Here’s another hypothetical: you decide to take a trip overseas, and bring along digital media devices. Upon your return, or at the customs checkpoint of any ACTA-participating country, you are stopped and asked to remove all of your digital media devices (laptops, cell phones, iDevices, etc.) for “inspection.” Your items are then scanned for “unauthorized (read: counterfeit or copied)” information. The customs officer demands you show proof that you rightfully own the data you carry. You cannot. Your devices are confiscated, and you may face further penalty.
ACTA is also imminent: during the G8 Summit this week, the ACTA plan was endorsed and a timetable for implementation envisioned by the end of the year. The United States has already sullied itself quite thoroughly in the court of public opinion at fora like the World Trade Organization, so ACTA’s being pushed as a multilateral agreement, whereby the U.S. individually pursues, entices, and/or coerces countries into accepting our principles of information freedom.

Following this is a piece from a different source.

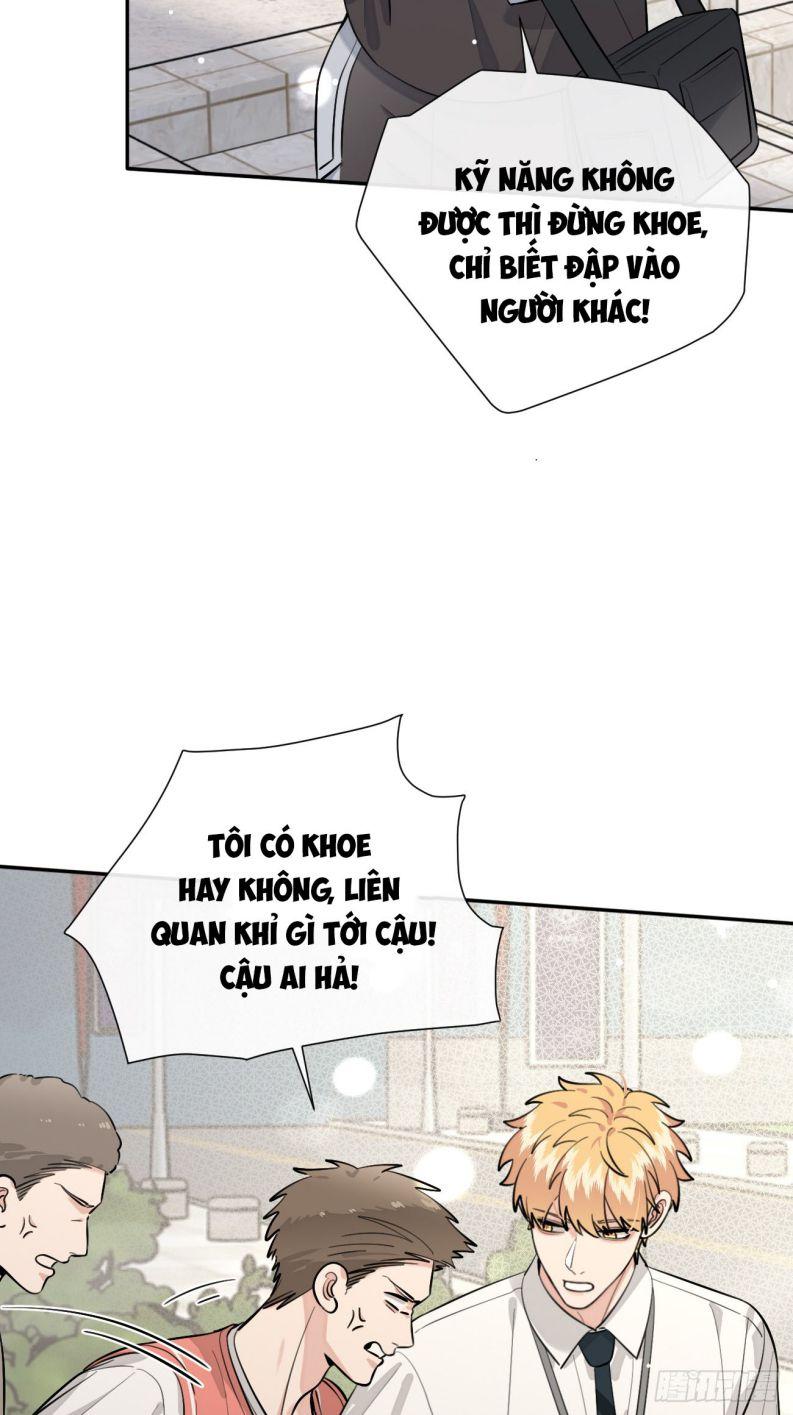 Chó Lớn Bắt Nạt Chủ Chapter 70 - Trang 2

So far, Australia, Canada, most of the the European Union, Japan, Mexico, New Zealand, Russia, South Korea, and Switzerland have nominally committed to the implementation of ACTA. Combined with the PRO-IP Act and Congress’ outright dereliction of duty with regard to the protection of our Constitutional liberties more generally, you might say the outlook is bleak; you might even say focusing on a fight over something like network neutrality alone is now strategically misplaced, because by the time you get what you think you want the meaning of “neutrality” has been redefined out from under your feet.